*Source information*
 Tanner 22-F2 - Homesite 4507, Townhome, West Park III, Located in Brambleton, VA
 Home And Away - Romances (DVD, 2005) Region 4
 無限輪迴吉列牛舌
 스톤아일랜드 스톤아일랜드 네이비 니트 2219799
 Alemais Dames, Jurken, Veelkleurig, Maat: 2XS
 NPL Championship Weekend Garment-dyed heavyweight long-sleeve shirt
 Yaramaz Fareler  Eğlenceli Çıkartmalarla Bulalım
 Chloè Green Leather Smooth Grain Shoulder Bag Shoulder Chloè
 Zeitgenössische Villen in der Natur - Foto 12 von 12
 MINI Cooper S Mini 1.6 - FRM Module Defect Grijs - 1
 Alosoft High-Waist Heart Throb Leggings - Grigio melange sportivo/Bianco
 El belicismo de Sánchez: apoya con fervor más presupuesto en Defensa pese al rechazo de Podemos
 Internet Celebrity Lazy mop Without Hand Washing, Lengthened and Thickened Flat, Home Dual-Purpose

*Aim of the exercise*
Precisely the line with "Zeitgenössische Villen in" and the lines after it, up to the last line of the entries above, are to be reproduced, and nothing more.

*Finished task*
 Zeitgenössische Villen in der Natur - Foto 12 von 12
 MINI Cooper S Mini 1.6 - FRM Module Defect Grijs - 1
 Alosoft High-Waist Heart Throb Leggings - Grigio melange sportivo/Bianco
 El belicismo de Sánchez: apoya con fervor más presupuesto en Defensa pese al rechazo de Podemos
 Internet Celebrity Lazy mop Without Hand Washing, Lengthened and Thickened Flat, Home Dual-Purpose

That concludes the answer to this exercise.